Basic Overview of Normalization and Dimensional Modeling
To better understand third normal form (3NF), let’s take a brief look at the basics of first and second normal forms as well. Normalization is the removal of redundant data and separation of attributes into organized tables. Let’s take a database that is devoid of all normalization. Think of it as one large spreadsheet. There is potentially a lot of redundant data and it’s not very organized. You may even find fields containing more than one value and groups of repeating information.
In first normal form (1NF), you start to eliminate some of the redundancy. Row and column fields only have one value, and the main table is broken down into smaller, more organized tables.
In second normal form (2NF), data is that is not fully dependant on the primary key is moved into another table. This organizes similar data just a little bit more.
In third normal form (3NF), data that is not dependant on the primary key is moved into another table. This is usually the highest form of normalization you will work with, even though normalization goes all the way up seventh normal form.
In dimensional modeling, data is split into fact tables and dimension tables. The dimension tables store data that gives information about the data in the fact tables. For example, let’s say you have a database that contains product information, customer information, and customer transactions. The fact table might contain information on the customer transactions (quantity ordered, total cost, etc.) and the dimension tables would contain information about the customers, such as address, contact info, etc.
When to Normalize
A normalized database is ideal for situations in which data is being written and updated frequently, such as websites and OLTP applications. Let’s say a customer is maintaining an online account of some sort. If he makes changes to his street address, then there is only one field in the database that needs to be written to. That decreases the time needed for writing to the database and decreases the chances of inconsistent data. Just think if a system like that was set up on a dimensional model, and a customer’s address was stored in more than one location. If the data wasn’t maintained correctly, a customer could have more than one address on file as their current address. A marketing department would then have problems sending mail to this customer. A normalized database also increases data security. Again, this goes back to data being stored in one location as opposed to multiple places. The only real disadvantage to a normalized database is the decrease in database performance. This is caused by the amount of joins required when retrieving data from the database.
When you are working with a data warehouse or OLAP environment, then you would definitely want to denormalize. Data warehouses and OLAP environments are used to store historical data for reporting and analysis purposes.
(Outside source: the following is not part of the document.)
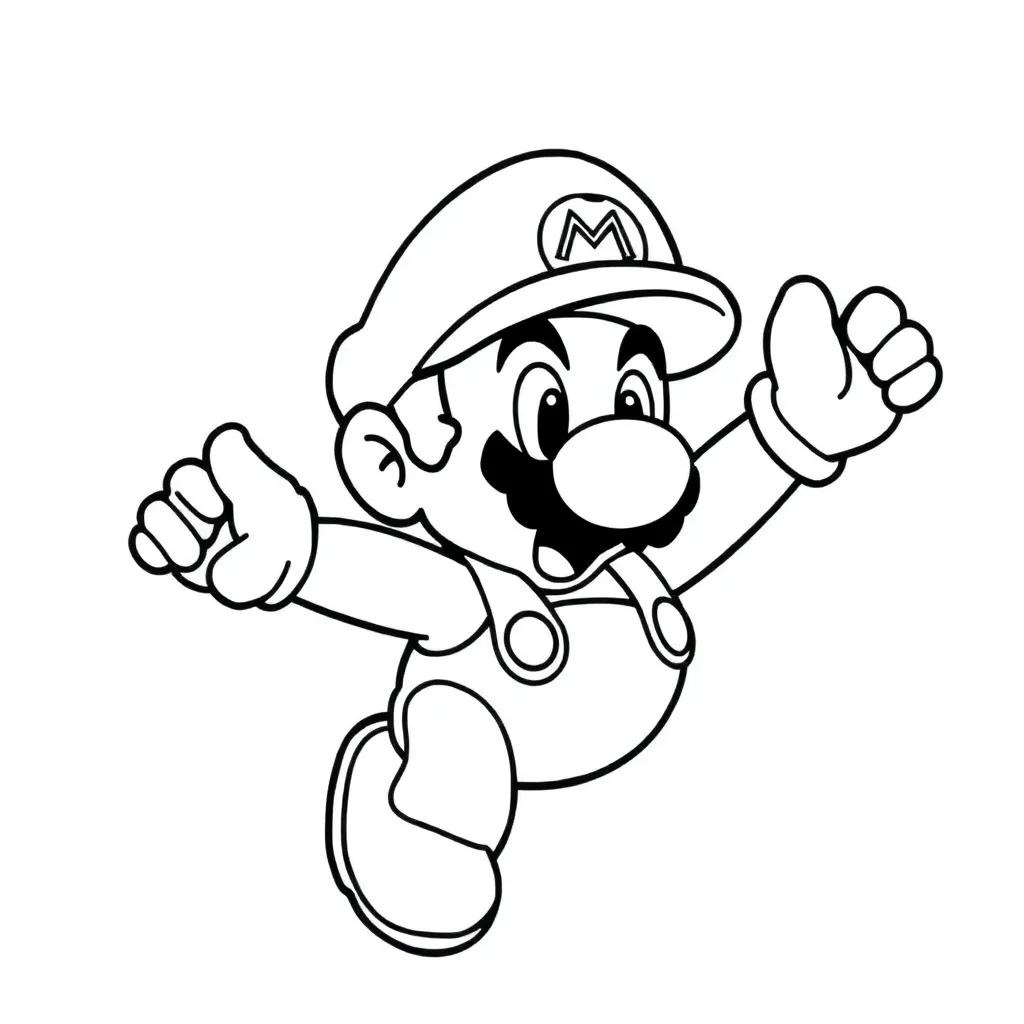 Super Mario Coloring Pages Printable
The database performance is generally better since there are not as many joins required when retrieving data. In many cases, there would also be less indexes as opposed to a normalized database, thus, saving on storage space. However, due to the increase of data redundancy, the data going into the database must be carefully controlled. Because of this, data modification is usually slower than a normalized database. If you have a field that is stored in three different places, you would have to make sure that all three of those values are updated.
Star and Snowflake Schemas
In a data warehouse, if you take a denormalized approach, you will use a star schema. A star schema is the simplest form of data warehouse schema. It consists of one or two fact tables and multiple dimension tables as mentioned above. In a star schema, the fact tables have a compound primary key, and the dimension tables contain a simple primary key. The diagram below demonstrates the idea behind fact and dimension tables.
A snowflake schema is more complex than the star schema. In a snowflake schema, normalization is introduced in the dimension tables. This causes a need for more foreign key joins and, thus, could potentially increase data retrieval times. The following diagram shows a basic snowflake schema. Notice the added levels to the dimension tables.
In either scenario, when designing a database, you must always keep the end users’ needs in mind. What kind of data will it store? What will the end users do with it? In the end you will hopefully end up with a database that is optimal for its intended use.